Conclusion – When testing the use of principles of situated learning (e.g., problem-based learning and cognitive apprenticeship in library instruction), the study results indicated an increase in the likelihood of students being able to practise knowledge in various situations and apply what they have learned in real-life examples. While the majority of students in both treatment and control groups demonstrated the skills of far transfer, the study provides evidence to support situated cognition, an understudied set of principles, and the study also utilizes quantitative methods to further strengthen this support.

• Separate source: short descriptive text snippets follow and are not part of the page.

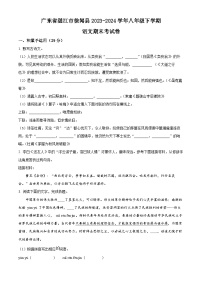 广东省湛江市徐闻县2023-2024学年八年级下学期期末语文试题（原卷版+解析版）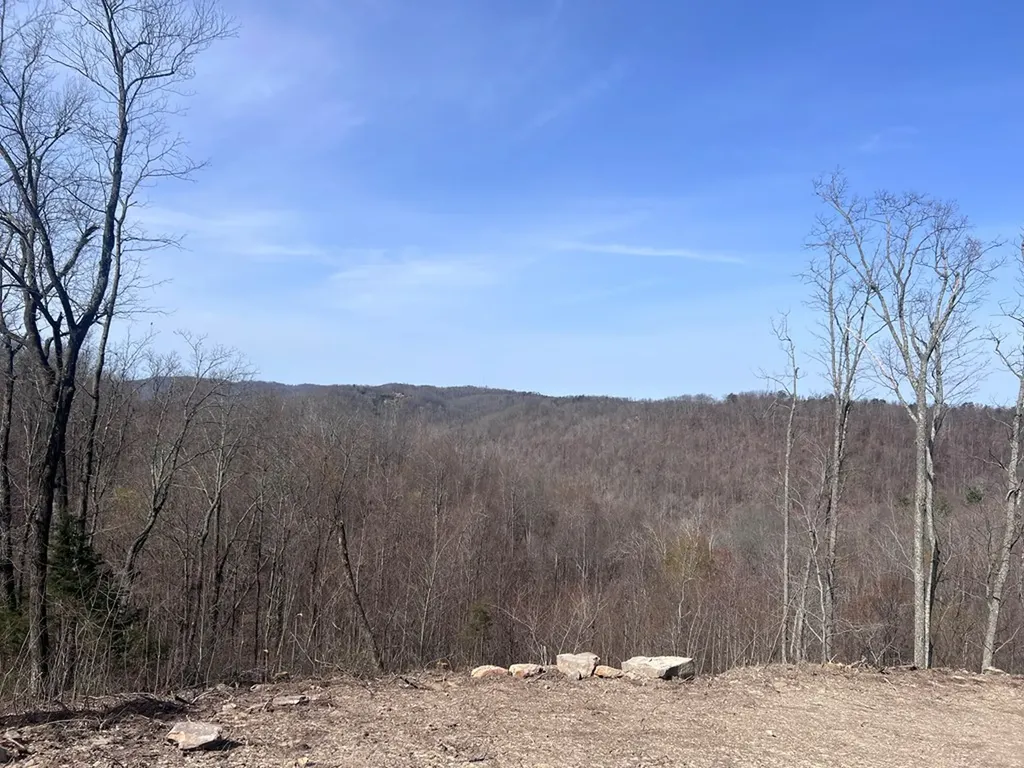 4575 Upper Crab Road Jamestown TN 38556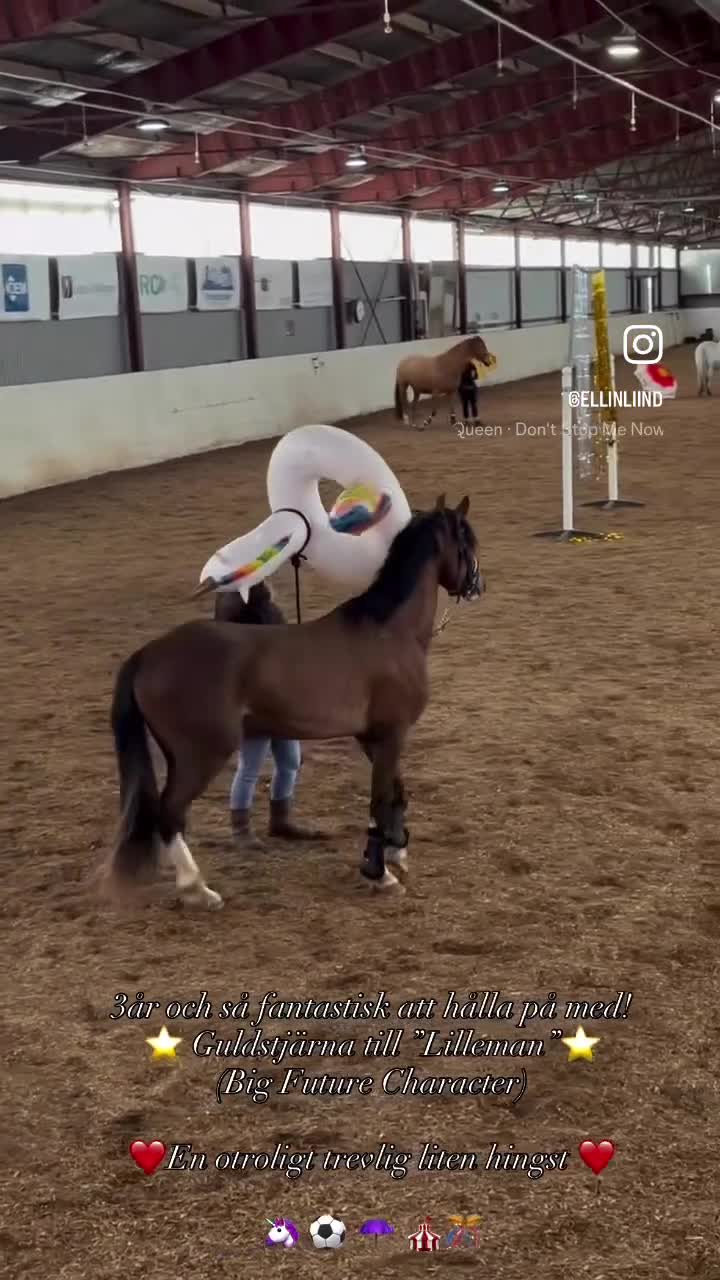 Allround hästar till salu: Drömläge - Video 3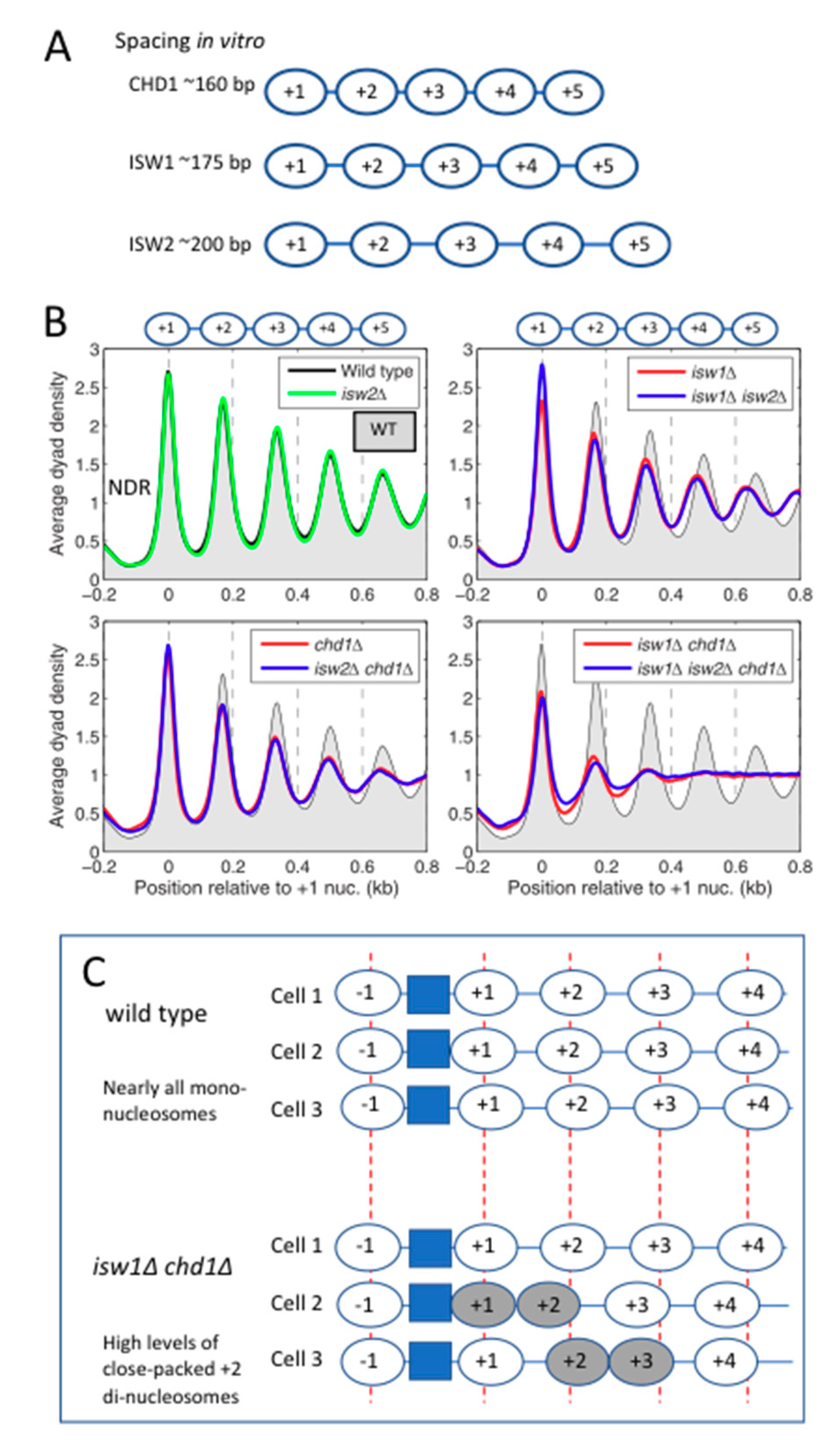 Biology 09 00190 g004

The article largely pioneers the concept of integrating situated learning in library instruction. Nichols (2009) discussed the teaching of information literacy behaviours through situated cognition strategies and identified themes in students’ transitions from action to cognition and participation in which actions (e.g., searching and taking notes) progress to cognition direction (i.e., becoming more knowledgeable about a subject) and leading to participation in the academic community and engaging in successful scholarly communication. This article furthers the aims of the proposed model Nichols (2009) presented because it provides more concrete evidence due to research design moving from case studies to a randomized controlled trial.


Strengths of the study include its detailed background and investigation into current research and practice around implementation of situated cognition principles. The author’s use of concepts from problem-based learning and cognitive apprenticeship reveal the ability to integrate various models in order to establish an intervention meaningful for the population being studied. In addition, the use of all sections of a course prevents bias due to self-selection, which often occurs when students choose whether to participate in a research activity. A limitation of the study is that it has limited generalizability due to its occurring within one course and with a smaller sample size.


Furthermore, data collection, analysis, and coding methods were clearly defined. The author also provides the details of the assignment to allow for replication. The logic behind the assignment, its coding, and the analysis tools being used were well described, and evidence documenting the support for these practices was included; however, data loss is a possibility when the assignment submissions were coded into binomial scores. Confounding variables, including engagement assessed by weekly participation and motivation assessed using the MSLQ, were accounted for, strengthening the validity of the outcome. Based upon calculations from the EBL critical appraisal checklist (Glynn, 2006), validity overall and for each section was over 85%, clearly meeting the established 75% threshold for validity in study methods and reporting.


The study contributes to evidence supporting situated learning and problem-based learning as effective methods for teaching information literacy skills in education students. One outcome of the research is that it provides new methods for developing curriculum for librarians who teach information literacy. The study also presents several effective strategies for providing students with skills applicable for work within their disciplines and the ability to build upon these skills using methods taught by frameworks and models arising out of the field of education. Most evident is the clear need for continued research in this realm.